Feminists who scold stay-at-home mothers misunderstand education and motherhood
The New York Times recently published a front-page story on the increasing willingness of Ivy League women to make career sacrifices for their future families. Based partly on a survey of 138 undergraduate women at Yale, the article reported that more than half of the respondents plan to cut back on work outside the home or stop working entirely when they have children. The piece also cited recent Yale alumni studies which showed that nearly half of female graduates in their early 40s no longer work full-time.
Reactions to the article were intense. Feminist pundits and bloggers pounced on the report, questioning its methodology and mocking the “throwback views” of the “smug” and “oblivious” Yale women.
“These future moms betray a startling combination of naiveté and privilege,” wrote author Karen Stabiner, in a Los Angeles Times op-ed typical of the backlash. “To plot this kind of future, a woman has to have access to a pool of wealthy potential husbands, she has to stay married at a time when half of marriages end in divorce, and she has to ignore the history of the women’s movement.”
Most women do not have as many career choices as Ivy League graduates, and many women who work outside the home do so because of financial pressures that some of these Yale graduates may never face.
Still, if feminism is truly about choice, why should women who have the opportunity to devote more time to motherhood be condemned for seizing it?
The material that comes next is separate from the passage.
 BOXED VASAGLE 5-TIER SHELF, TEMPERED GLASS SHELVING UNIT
Why should they sacrifice the right to raise their children as they see fit simply because their lifestyle does not conform to the ideals of the “women’s movement?” And what sort of women’s movement promotes the retrograde idea that women who plan to be full-time mothers are guilty of ingratitude for their first-rate education, or are even unworthy of it?
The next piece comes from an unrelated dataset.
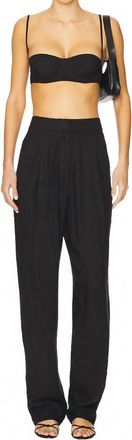 WeWoreWhat Linen Trouser Pant In Black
That idea was repugnant to early feminists. Mary Wollstonecraft, widely considered the “mother of feminism,” criticized it in her landmark 1792 treatise, “A Vindication of the Rights of Woman.” In a society that considered higher education largely irrelevant for women because of their role as mothers, Wollstonecraft argued that the education of women was all the more important because mothers play such a vital role in shaping the next generation.
She wrote: “As the rearing of children, that is, the laying a foundation of sound health both of body and mind in the rising generation, has justly been insisted on as the peculiar destination of woman, the ignorance that incapacitates them must be contrary to the order of things. And I contend that their minds can take in much more, and ought to do so, or they will never become sensible mothers.”
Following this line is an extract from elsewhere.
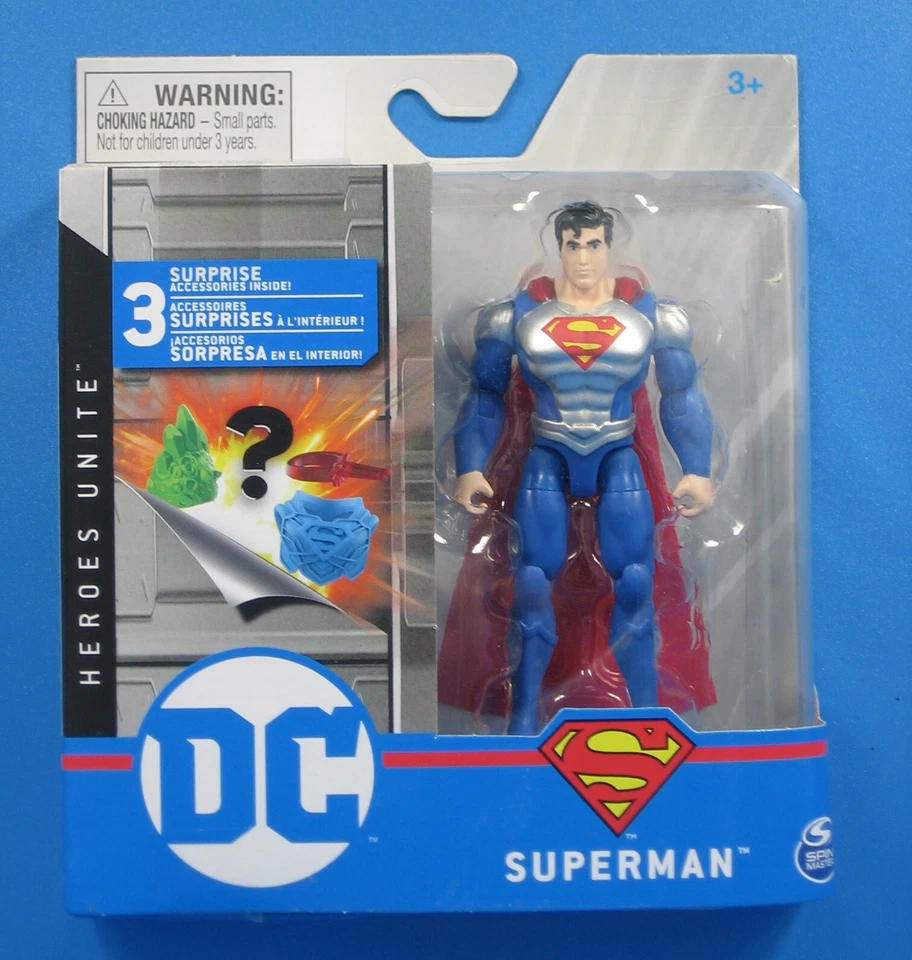 Spin Master DC Silver and Blue Superman Heroes Unite Wave 3 1st Edition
Today’s feminists seem to have lost Wollstonecraft’s appreciation of education’s intrinsic worth, and their resentment of highly educated stay-at-home mothers reveals a flawed understanding of both education and motherhood.
As John Henry Newman wrote in The Idea of a University, knowledge is “its own end.” An education that imparts knowledge and the ability to think critically has value regardless of which career path a graduate takes. And graduates who choose to share the fruits of their education primarily with their children are making a significant contribution to society. They are forming citizens and guiding the intellectual and moral development of the next generation.
Rather than being scolded, these young women should be congratulated for realistically assessing the demands of career and motherhood, and making provisions now to achieve a balance that will suit their families in the future. A women’s movement that condemns them is not worthy of the name.
Our Sunday Visitor November 20, 2005
Colleen Carroll Campbell is a fellow at the Ethics and Public Policy Center in Washington, D.C.